Luckily for Supernatural fans, things don’t always go as planned. If they had, Castiel would have merely had a three-episode arc rather than the long run that lasted twelve impressive years. 

Misha Collins played Castiel on ‘Supernatural’

Misha Collins began acting in the late 1990s, landing small roles in films like Girl, Interrupted, and single-episode parts in shows like Charmed and NYPD Blue. Prior to getting into acting, the star had interned at the White House (and possibly stole security passes), but he did eventually find his stride in the entertainment world. Recurring roles on shows like 24 and ER provided the actor with more established credentials in television dramas. 

When he landed the part of Castiel on Supernatural in 2008, he was still relatively unknown and taking on guest spots. Other work around this time in his life includes the TV movie Reinventing the Wheelers and a single episode on the TV show Without a Trace. Collins was poised for a breakthrough part, but he didn’t likely go into Supernatural expecting the show to do the trick because his character’s role was intended to be quite small. 

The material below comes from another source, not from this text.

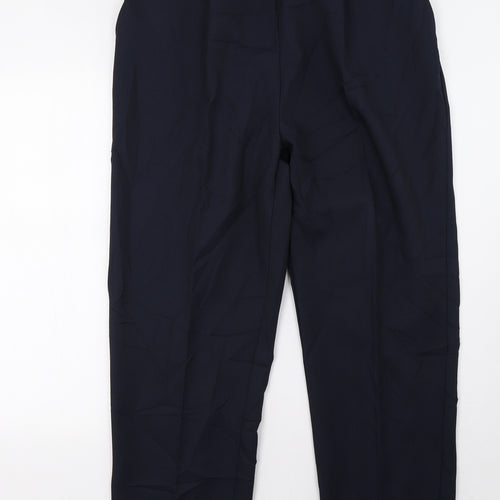 Isabelle Womens Blue   Trousers  Size 18 L28 in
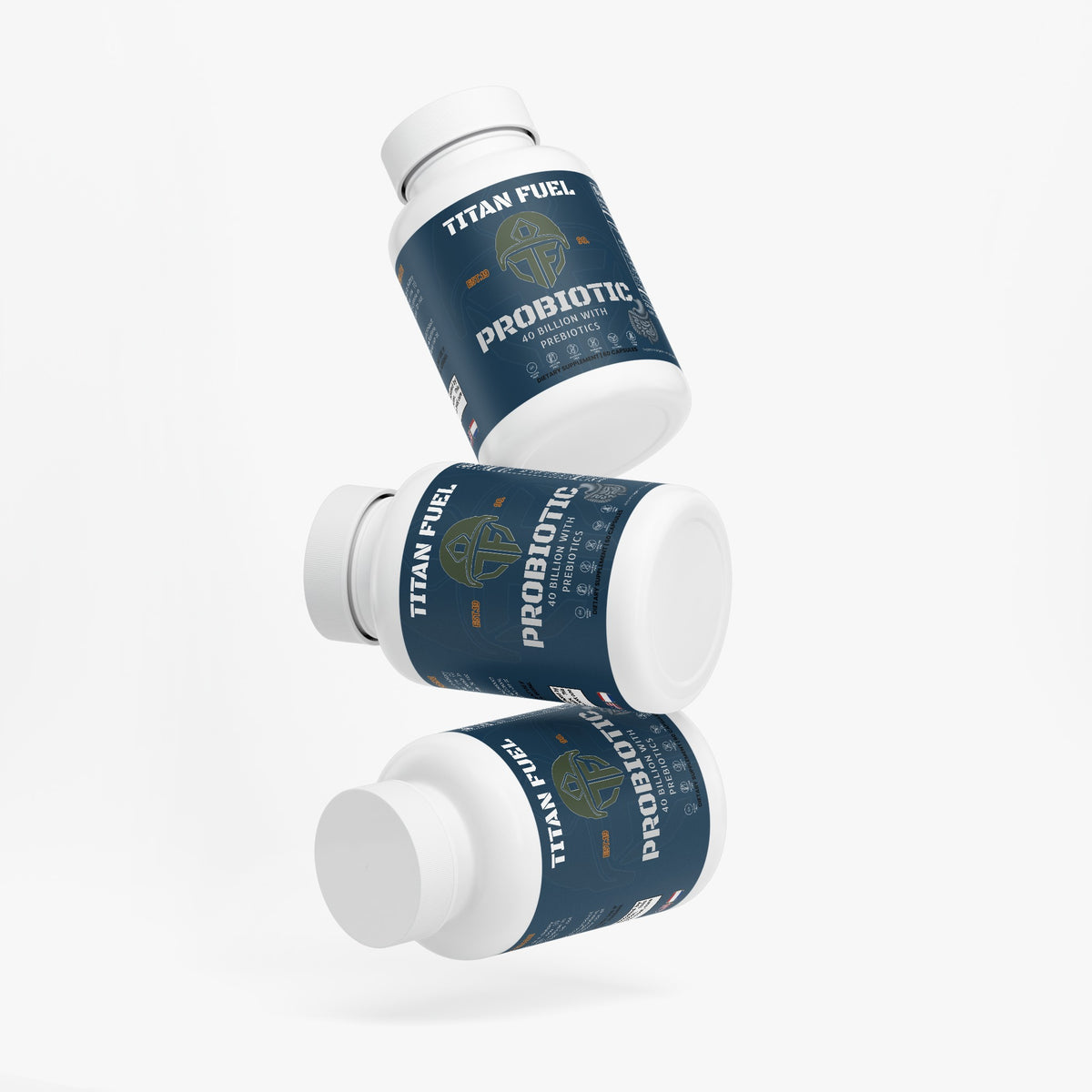 Probiotic 40 Billion with Prebiotics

Castiel was only supposed to be on ‘Supernatural’ for three episodes

Misha Collins didn’t join the cast of Supernatural until Season 4. At the time, his character was designed to help usher in the series finale. According to Ranker, Supernatural was supposed to end with Season 5. Obviously, the plan was changed, and we know that the series went on to air for a total of 15 seasons. 

This change in plans meant that the character of Castiel became far more central to the plot than originally intended. When Collins signed on for the role, he was expecting to play the part in three episodes and then move on to his next gig. Instead, he became a series regular, playing Castiel for a total of 148 episodes over the course of twelve years. 

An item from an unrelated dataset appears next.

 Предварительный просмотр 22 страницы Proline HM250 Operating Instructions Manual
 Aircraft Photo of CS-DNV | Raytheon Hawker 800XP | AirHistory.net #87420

What’s more, Collins became defined by his character because of the fierce and committed fandom connected to Supernatural. In addition to actually filming the long-running series, Collins made frequent appearances at conventions to talk with fans. While grateful for the role and the boost to his career, Collins has admitted that the work was burning him out near the end: “I was pretty deeply fried, and then the net effect of that was that I wasn’t really loving anything. I was kind of finding that I was dreading convention weekends and dreading shooting days and dreading meetings. Everything was just too much.”

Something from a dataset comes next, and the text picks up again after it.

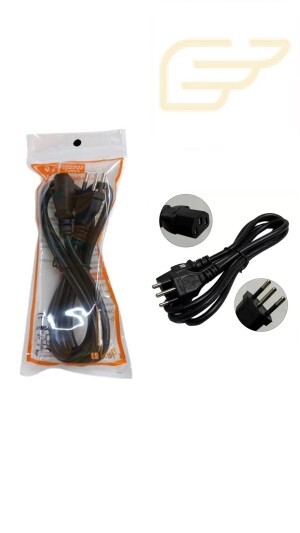 CABO DE ALIMENTAÇÃO DE FORÇA PARA COMPUTADOR LEHMOX LEY-216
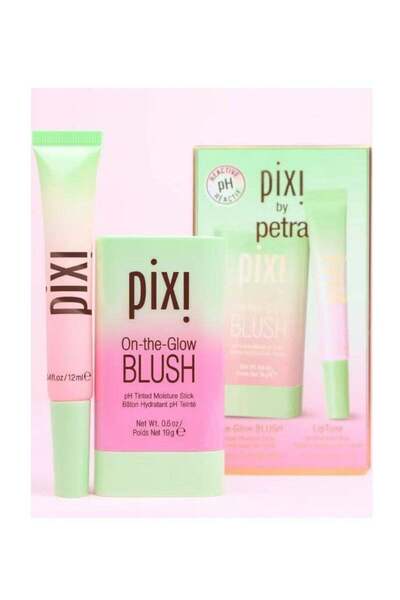 Pixii مجموعة بيكسي بي اتش ديو لتلوين الشفاه والخدود (الأصلية من سكاي شاين)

‘Supernatural’ went on so long because fans supported it

As ScreenRant reports, it can be tempting to view the first five seasons of Supernatural as “a tightly-written, meticulously planned tale,” but that’s not really accurate. It’s true that creator Eric Kripke did have a rough outline of the story up to that point created from early in the project, but he also worked on the plot points season-by-season, making changes as driven by the character development as the story unfolded on the screen. 

Ultimately, the five-season plan was largely driven by the fact that the show could have been cancelled at any point. It’s hard to predict what will be a success and what won’t, and very few shows get a run as long as Supernatural‘s ended up being. It might even be considered hubris for a creator to go into a series expecting to get such a long run. 

When the success of the show continued to open up opportunities for future episodes, Kripke rose to the occasion — year after year.